▸ Data shown:
········
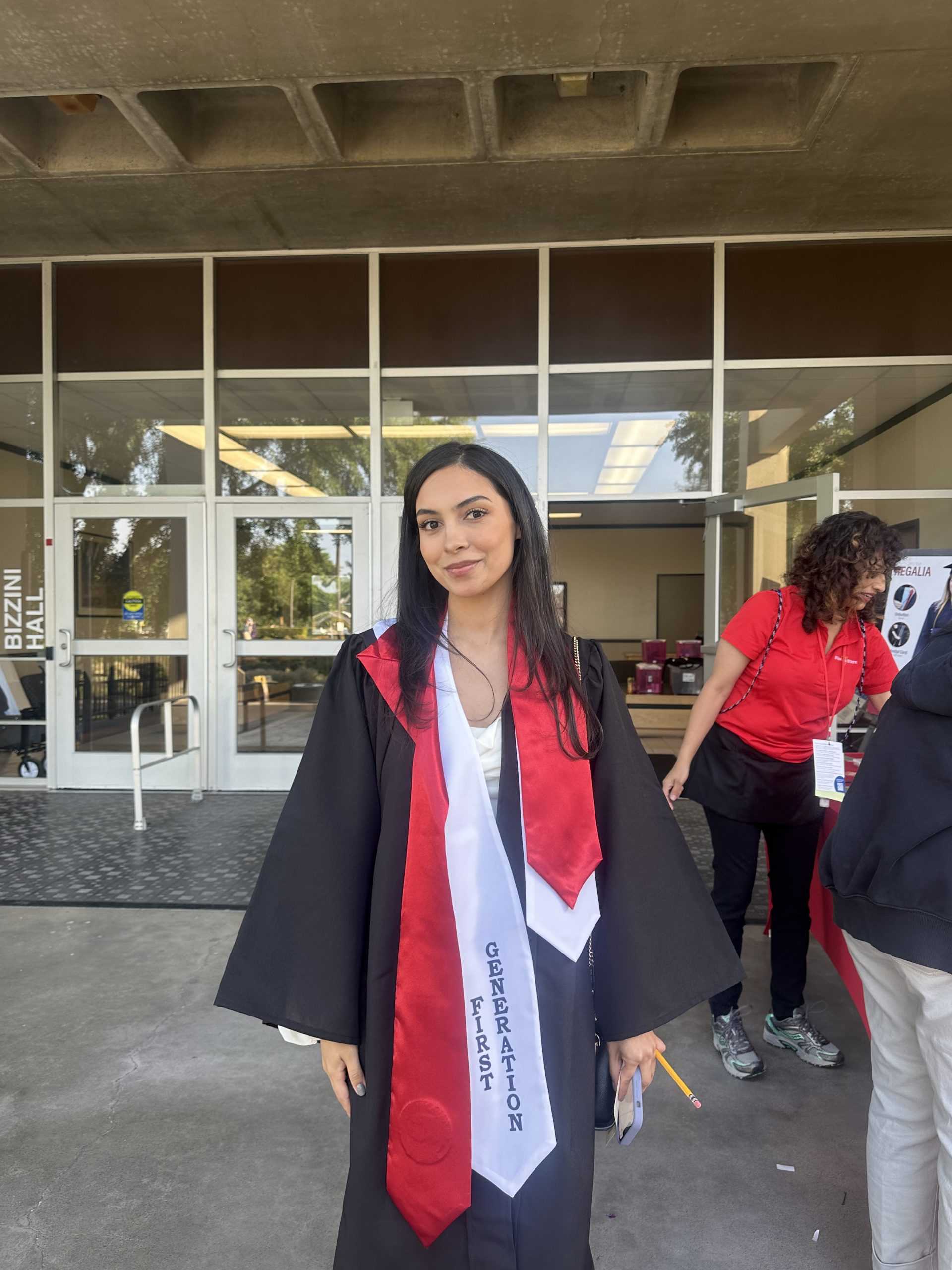 The 63rd Commencement of CSU Stanislaus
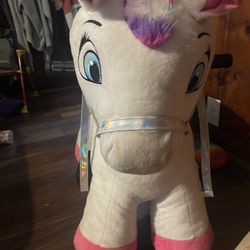 Ride On Unicorn 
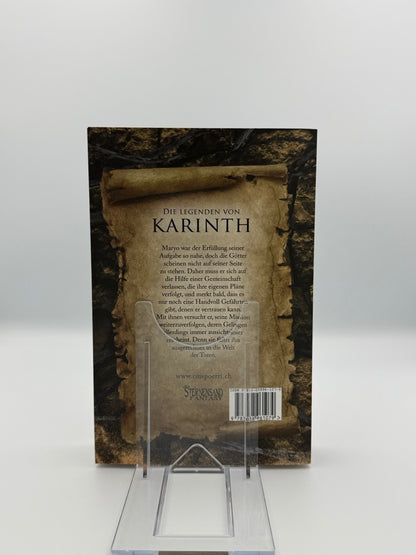 Die Legenden von Karinth, Band 4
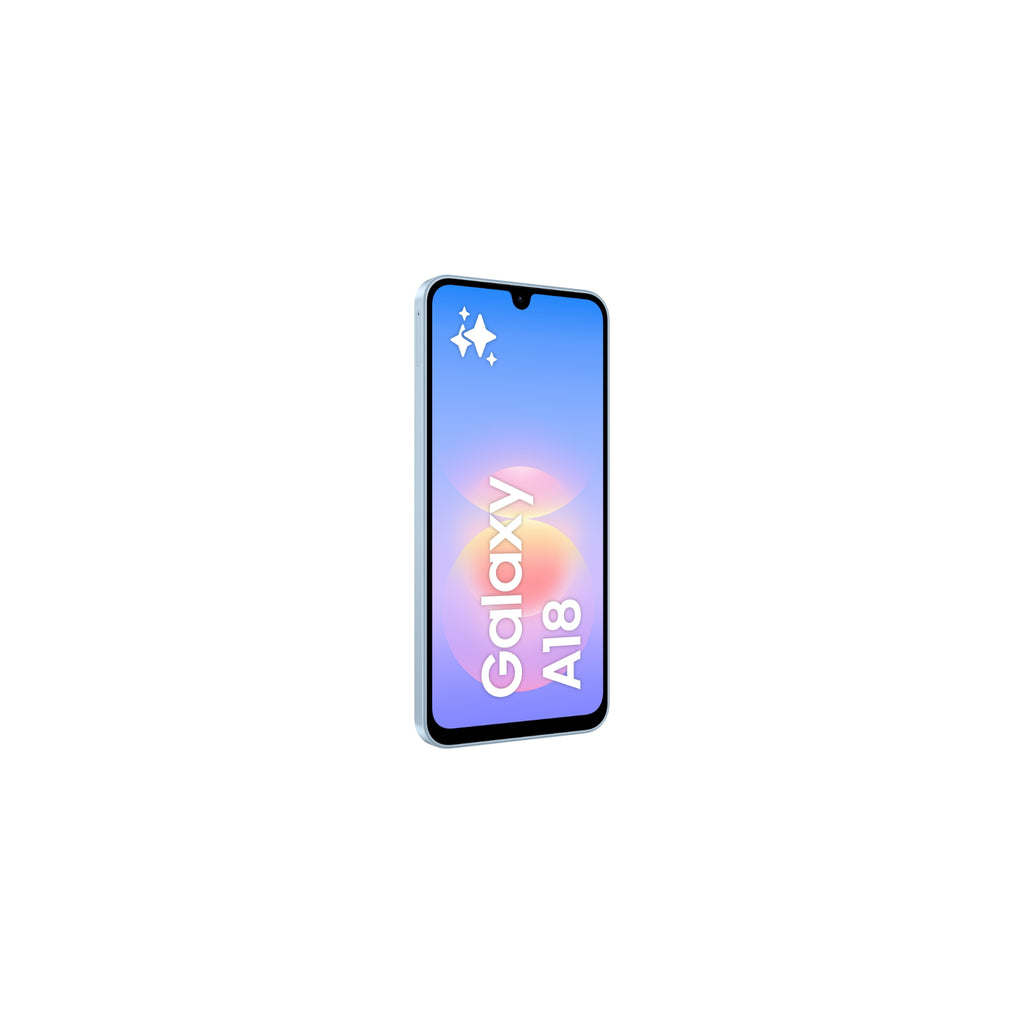 Samsung Galaxy A18 6.7" 4G 128GB Blå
········
▸ Exercise: The reply should repeat the listing above exactly and contain no pictures.

▸ Exercise answer:
 The 63rd Commencement of CSU Stanislaus
 Ride On Unicorn 
 Die Legenden von Karinth, Band 4
 Samsung Galaxy A18 6.7" 4G 128GB Blå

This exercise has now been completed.